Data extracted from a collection
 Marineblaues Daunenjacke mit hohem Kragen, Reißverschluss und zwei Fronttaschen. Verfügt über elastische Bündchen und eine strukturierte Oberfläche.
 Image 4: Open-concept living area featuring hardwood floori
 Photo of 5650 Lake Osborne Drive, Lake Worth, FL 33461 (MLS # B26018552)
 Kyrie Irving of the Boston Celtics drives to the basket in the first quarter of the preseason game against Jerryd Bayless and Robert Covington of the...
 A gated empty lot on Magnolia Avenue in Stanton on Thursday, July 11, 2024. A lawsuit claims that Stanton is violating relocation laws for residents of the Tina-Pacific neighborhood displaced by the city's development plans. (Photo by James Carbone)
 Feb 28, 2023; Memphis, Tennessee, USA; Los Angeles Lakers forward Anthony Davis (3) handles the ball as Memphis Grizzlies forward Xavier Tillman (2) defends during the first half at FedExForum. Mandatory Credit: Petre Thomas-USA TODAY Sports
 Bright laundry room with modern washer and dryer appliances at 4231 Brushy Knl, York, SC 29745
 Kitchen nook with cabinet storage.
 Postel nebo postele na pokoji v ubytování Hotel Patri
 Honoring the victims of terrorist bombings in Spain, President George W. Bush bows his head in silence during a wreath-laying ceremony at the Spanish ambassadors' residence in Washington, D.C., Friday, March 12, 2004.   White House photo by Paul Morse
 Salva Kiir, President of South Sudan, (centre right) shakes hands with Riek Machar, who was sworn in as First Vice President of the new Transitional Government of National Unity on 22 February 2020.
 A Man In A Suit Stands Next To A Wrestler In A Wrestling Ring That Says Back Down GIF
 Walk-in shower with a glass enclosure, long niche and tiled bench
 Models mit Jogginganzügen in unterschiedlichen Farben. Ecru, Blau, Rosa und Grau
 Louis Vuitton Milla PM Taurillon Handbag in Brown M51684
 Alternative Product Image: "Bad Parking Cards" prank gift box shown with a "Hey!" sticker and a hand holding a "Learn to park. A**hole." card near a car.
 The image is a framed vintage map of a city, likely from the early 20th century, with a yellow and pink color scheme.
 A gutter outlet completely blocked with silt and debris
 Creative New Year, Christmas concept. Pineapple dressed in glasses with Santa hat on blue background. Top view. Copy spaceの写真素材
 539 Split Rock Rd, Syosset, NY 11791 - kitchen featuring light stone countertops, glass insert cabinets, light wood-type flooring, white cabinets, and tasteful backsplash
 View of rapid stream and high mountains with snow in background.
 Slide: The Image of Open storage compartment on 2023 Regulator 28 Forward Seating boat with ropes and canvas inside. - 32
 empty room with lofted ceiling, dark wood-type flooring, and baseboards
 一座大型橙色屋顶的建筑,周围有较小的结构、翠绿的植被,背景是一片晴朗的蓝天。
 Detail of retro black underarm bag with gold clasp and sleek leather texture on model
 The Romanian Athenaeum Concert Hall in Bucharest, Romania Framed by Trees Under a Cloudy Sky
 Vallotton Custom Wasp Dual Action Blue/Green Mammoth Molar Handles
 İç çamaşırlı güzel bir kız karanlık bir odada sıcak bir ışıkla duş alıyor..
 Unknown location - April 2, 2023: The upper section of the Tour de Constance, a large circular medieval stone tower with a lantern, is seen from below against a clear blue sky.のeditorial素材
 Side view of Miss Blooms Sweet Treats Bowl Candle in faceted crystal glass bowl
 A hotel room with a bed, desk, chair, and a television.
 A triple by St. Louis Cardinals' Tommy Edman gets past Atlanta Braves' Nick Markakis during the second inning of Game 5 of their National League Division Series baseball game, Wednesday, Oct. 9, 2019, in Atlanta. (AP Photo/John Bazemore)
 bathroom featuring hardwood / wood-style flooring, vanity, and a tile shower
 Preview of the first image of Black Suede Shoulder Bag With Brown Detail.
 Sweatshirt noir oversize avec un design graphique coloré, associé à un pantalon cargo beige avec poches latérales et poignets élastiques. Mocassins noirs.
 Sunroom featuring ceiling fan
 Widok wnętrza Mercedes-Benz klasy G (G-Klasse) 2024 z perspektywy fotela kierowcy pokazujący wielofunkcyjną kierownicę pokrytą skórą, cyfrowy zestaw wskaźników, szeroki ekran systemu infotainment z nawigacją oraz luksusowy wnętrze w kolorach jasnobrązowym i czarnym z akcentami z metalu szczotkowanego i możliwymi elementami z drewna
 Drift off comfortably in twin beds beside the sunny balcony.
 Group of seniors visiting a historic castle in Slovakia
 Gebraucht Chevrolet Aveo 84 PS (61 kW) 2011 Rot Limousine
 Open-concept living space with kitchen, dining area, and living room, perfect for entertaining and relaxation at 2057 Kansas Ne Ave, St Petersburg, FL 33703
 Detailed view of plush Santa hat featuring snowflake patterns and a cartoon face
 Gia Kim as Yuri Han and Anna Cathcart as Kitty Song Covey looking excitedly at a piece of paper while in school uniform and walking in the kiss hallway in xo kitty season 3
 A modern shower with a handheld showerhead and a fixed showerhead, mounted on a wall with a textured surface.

## Required action
Your answer must be the lines above from the one containing "A gutter outlet" to the one containing "一座大型橙色屋顶的建筑,周围有较小的结构、翠绿的植被,背景是一片晴朗的蓝天。", both included, restated word for word.

## Reply
 A gutter outlet completely blocked with silt and debris
 Creative New Year, Christmas concept. Pineapple dressed in glasses with Santa hat on blue background. Top view. Copy spaceの写真素材
 539 Split Rock Rd, Syosset, NY 11791 - kitchen featuring light stone countertops, glass insert cabinets, light wood-type flooring, white cabinets, and tasteful backsplash
 View of rapid stream and high mountains with snow in background.
 Slide: The Image of Open storage compartment on 2023 Regulator 28 Forward Seating boat with ropes and canvas inside. - 32
 empty room with lofted ceiling, dark wood-type flooring, and baseboards
 一座大型橙色屋顶的建筑,周围有较小的结构、翠绿的植被,背景是一片晴朗的蓝天。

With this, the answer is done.